--- HOW TO COMPLETE THIS TASK ---
The answer is to be the lines below that lie between the line holding "festively decorated table" and the line holding "kitchen featuring dark", inclusive, transcribed exactly and free of pictures.

________________________

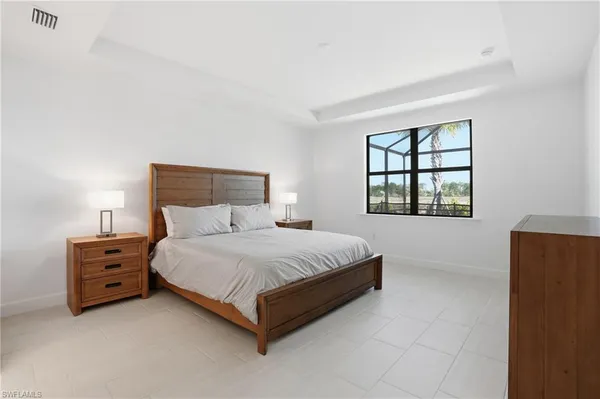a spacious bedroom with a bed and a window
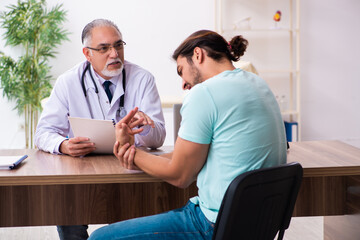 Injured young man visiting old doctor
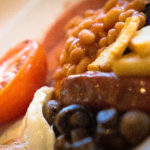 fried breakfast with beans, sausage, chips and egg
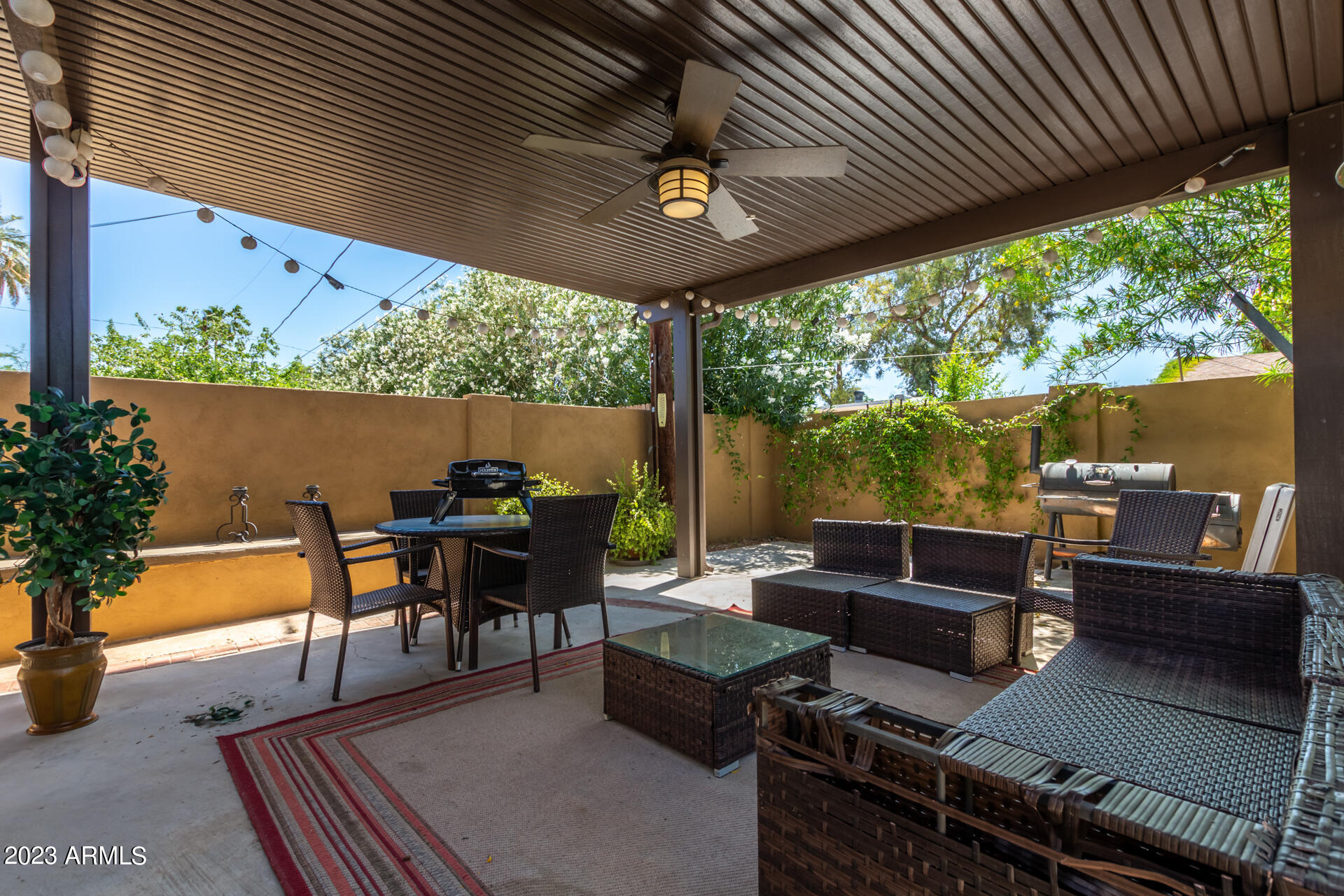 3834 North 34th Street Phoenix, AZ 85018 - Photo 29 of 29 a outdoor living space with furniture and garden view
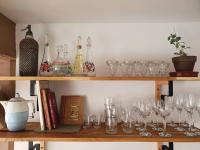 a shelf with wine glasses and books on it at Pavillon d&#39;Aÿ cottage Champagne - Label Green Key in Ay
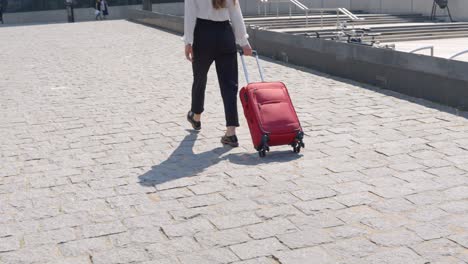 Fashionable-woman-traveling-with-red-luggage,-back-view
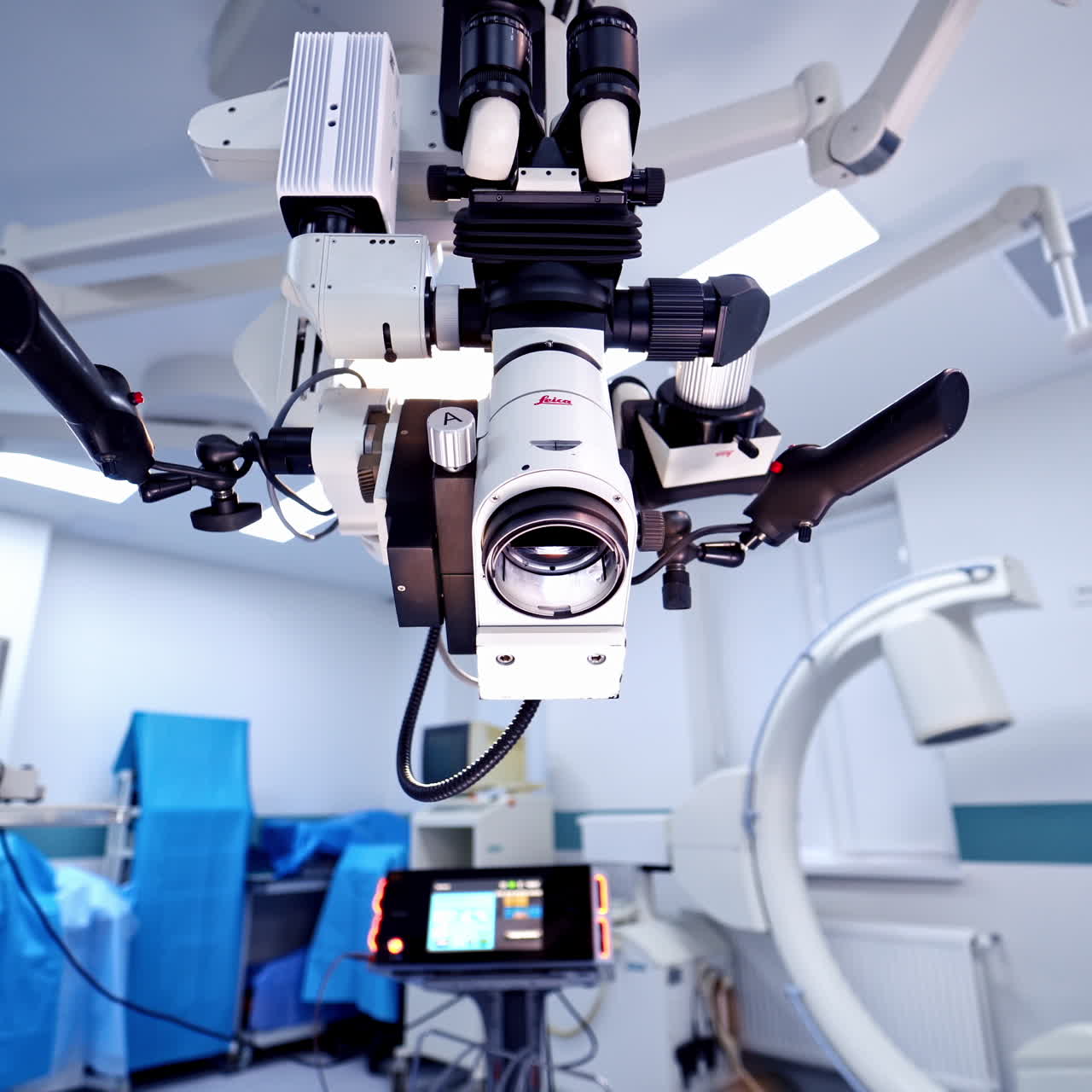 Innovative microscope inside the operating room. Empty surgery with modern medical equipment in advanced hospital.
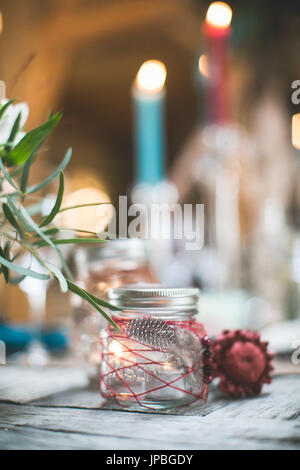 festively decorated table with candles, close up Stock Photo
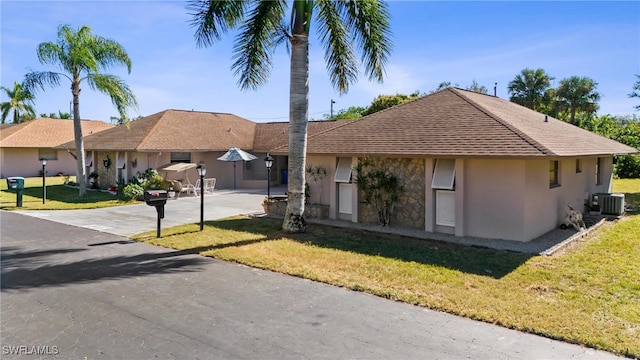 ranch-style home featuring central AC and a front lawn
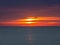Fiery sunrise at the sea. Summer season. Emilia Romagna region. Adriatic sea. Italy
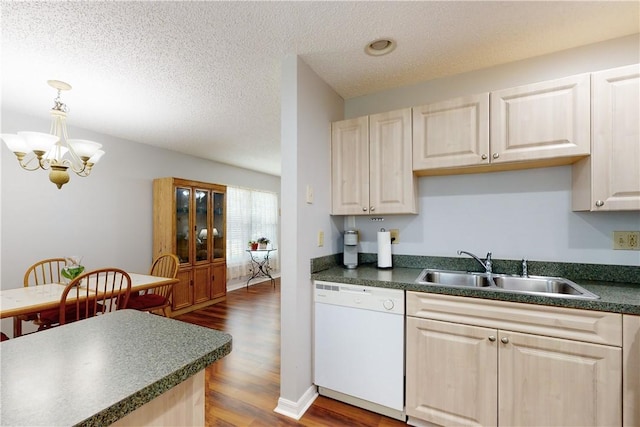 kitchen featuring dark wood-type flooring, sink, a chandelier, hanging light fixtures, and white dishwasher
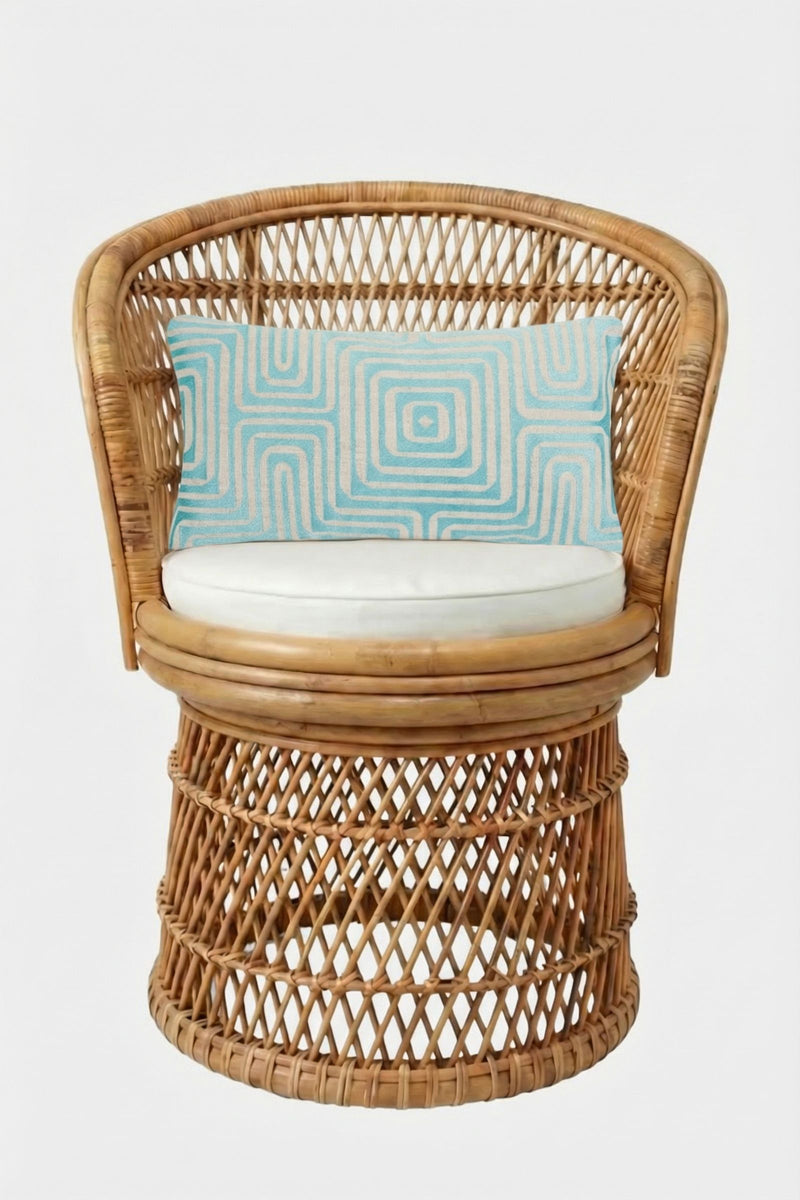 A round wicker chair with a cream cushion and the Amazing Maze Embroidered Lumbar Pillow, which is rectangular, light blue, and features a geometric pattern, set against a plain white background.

________________________

--- TASK ANSWER ---
 festively decorated table with candles, close up Stock Photo
 ranch-style home featuring central AC and a front lawn
Fiery sunrise at the sea. Summer season. Emilia Romagna region. Adriatic sea. Italy
 kitchen featuring dark wood-type flooring, sink, a chandelier, hanging light fixtures, and white dishwasher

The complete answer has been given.